Recorded data Start Marker

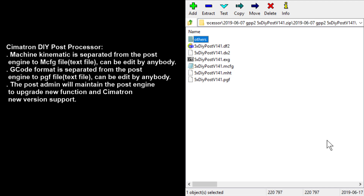Here I am going to explain what is a Cymatone DIY Post Processor. This Post Processor is created by me and I have spent a lot of time adding my experience into creating this post. The purpose of this post is so that I can separate the kinematics and the program format output from the post engine.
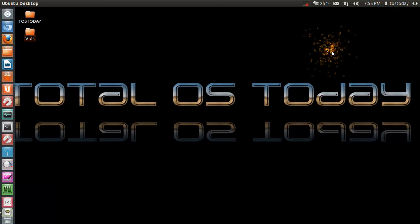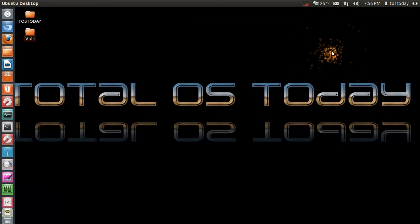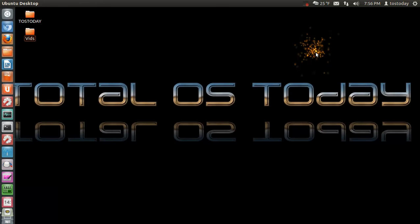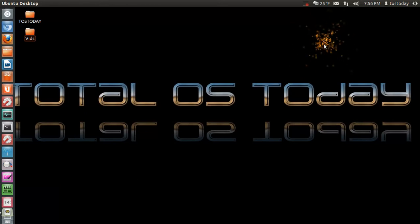Some of us use Ubuntu, of course, the famous Linux-based operating system. And Ubuntu stands for Humanity Towards Others.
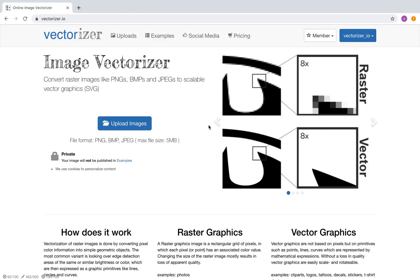Hi! My name is Joanna. Welcome to this tutorial. Today I show you how to convert an illustration with multiple colors to a scalable vector file.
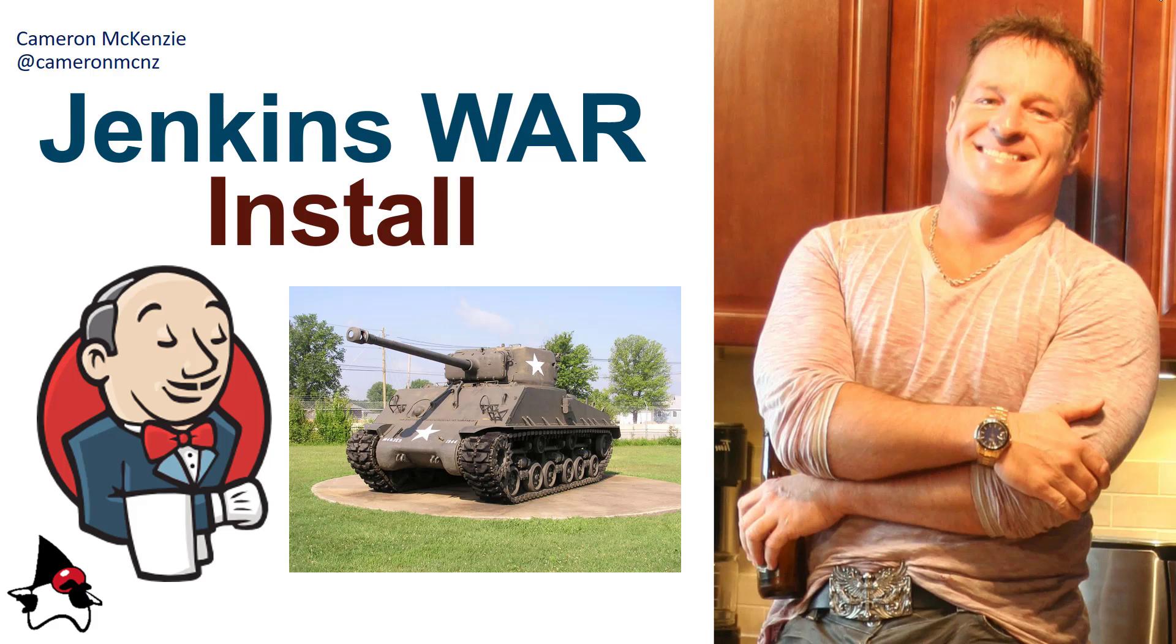Hey, I'm Cameron McKenzie at CameronMCNZ on Twitter, and I very quickly wanted to show you how to install a Jenkins WAR file so you can get Jenkins up and running.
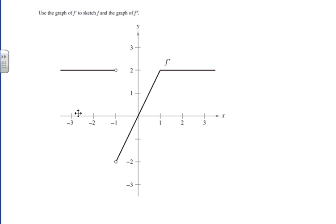What we're going to do today is use a graph and do a little graph analysis, and create a graph of f and f double prime by looking at a graph of f prime.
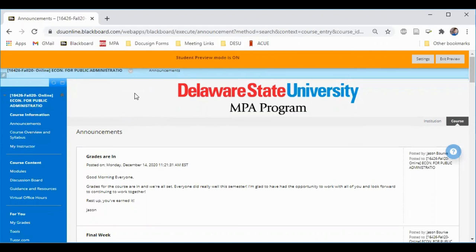If anything is unclear or you have questions about the Blackboard site for your course, please do reach out to your instructor.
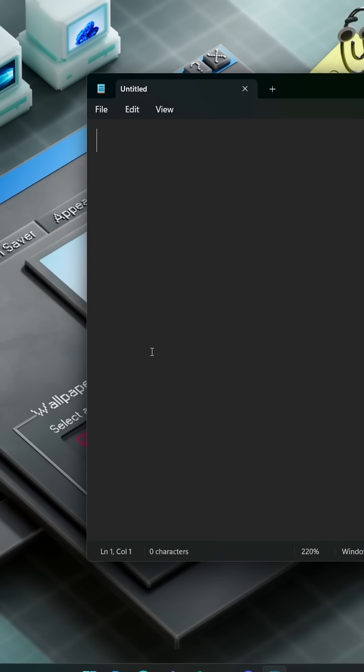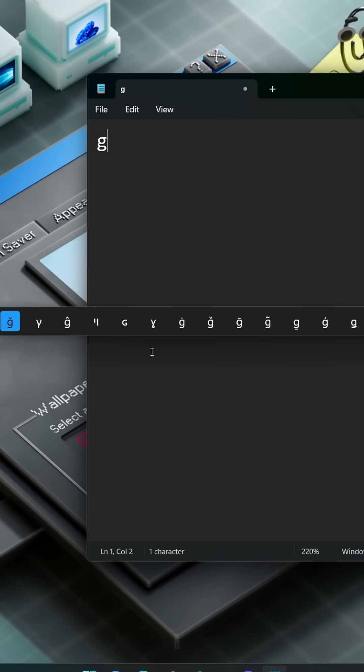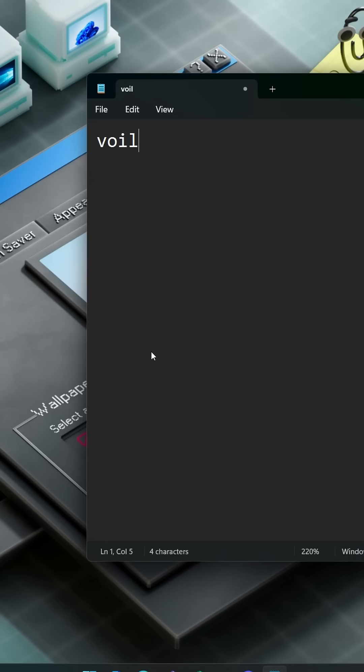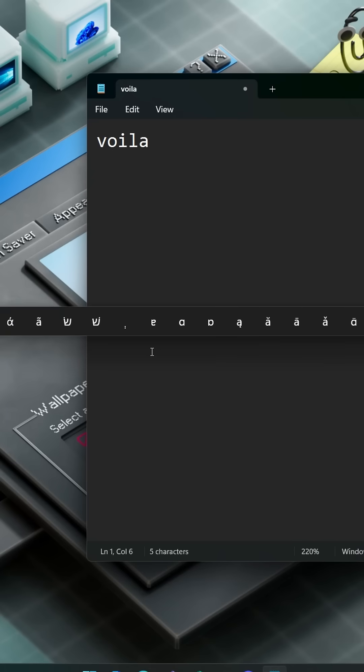Now when you're typing a letter that you need an accent for, just press that key down and hold space, and you'll see all the accents available for that letter. So I just type that letter and space — then voila!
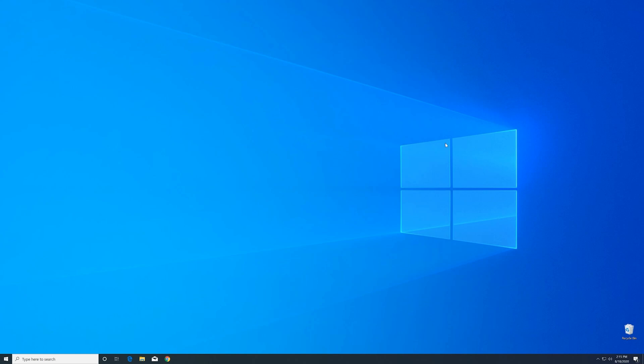After restarting your operating system, you should be able to play the game or use the program that you wanted to.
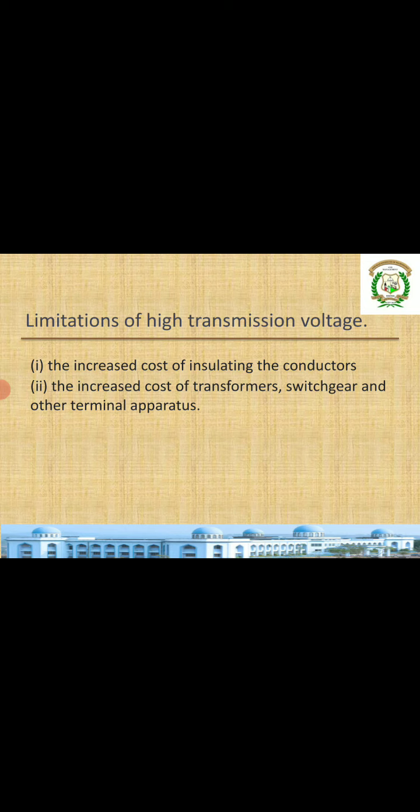The second limitation is the increased cost of transformers, switchgear, and other apparatus. The cost of transformers depends on the voltage range because they require their own insulators, conductors, and larger physical size at higher voltages. Switchgear and other equipment costs also depend on voltage level. Since we can't simply go for high or low voltage, we need to make an economic choice of voltage level that achieves reliable operation with minimum overall cost.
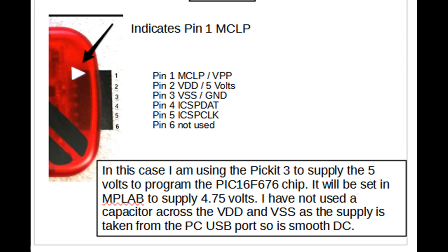Here you can see the PICkit 3. You'll notice it has 6 pins. Pin 6 is not used. Pin 1 must go to MCLP on the PIC and in this case that is pin 4.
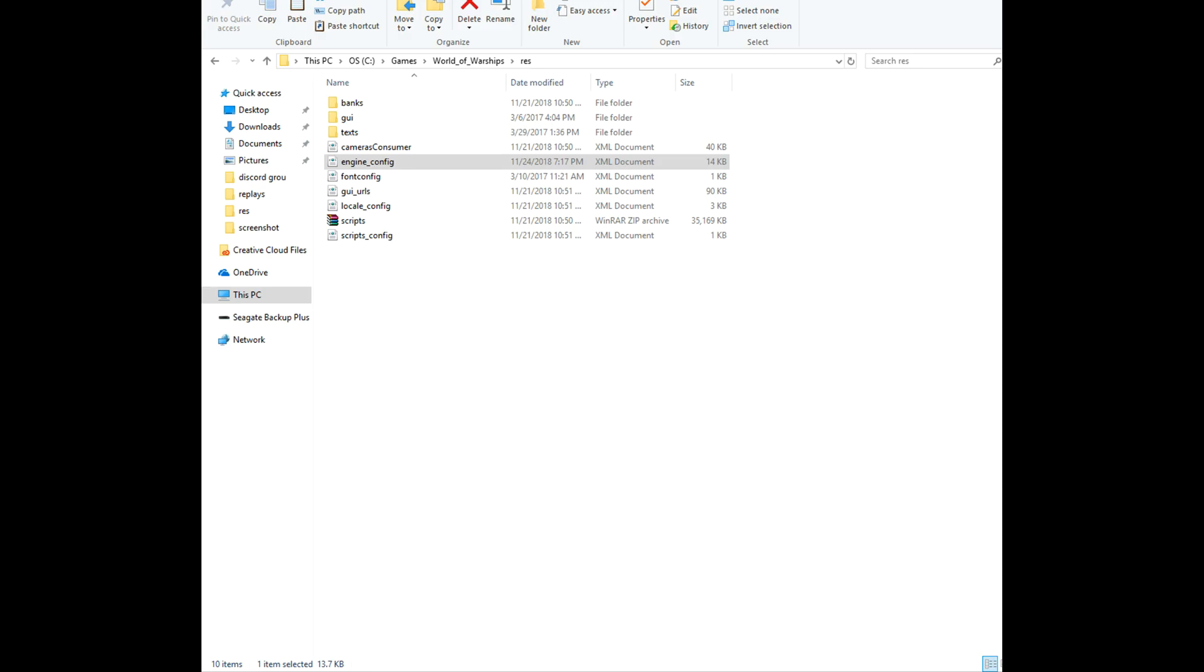And then it's going to bring up a whole bunch of text, all the coding within the replay system, or the whole entire engine. What you're going to want to do there is control F, which is the find feature, so control key, then the F key, holding them like that, and then type in max replay. Max replay just like that...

Recorded data End Marker

About this task: Print the data above from its first line through the line that has "After restarting your", exactly and with nothing else, omitting pictures.

Reply:
Here I am going to explain what is a Cymatone DIY Post Processor. This Post Processor is created by me and I have spent a lot of time adding my experience into creating this post. The purpose of this post is so that I can separate the kinematics and the program format output from the post engine.
Some of us use Ubuntu, of course, the famous Linux-based operating system. And Ubuntu stands for Humanity Towards Others.
Hi! My name is Joanna. Welcome to this tutorial. Today I show you how to convert an illustration with multiple colors to a scalable vector file.
Hey, I'm Cameron McKenzie at CameronMCNZ on Twitter, and I very quickly wanted to show you how to install a Jenkins WAR file so you can get Jenkins up and running.
What we're going to do today is use a graph and do a little graph analysis, and create a graph of f and f double prime by looking at a graph of f prime.
If anything is unclear or you have questions about the Blackboard site for your course, please do reach out to your instructor.
Now when you're typing a letter that you need an accent for, just press that key down and hold space, and you'll see all the accents available for that letter. So I just type that letter and space — then voila!
After restarting your operating system, you should be able to play the game or use the program that you wanted to.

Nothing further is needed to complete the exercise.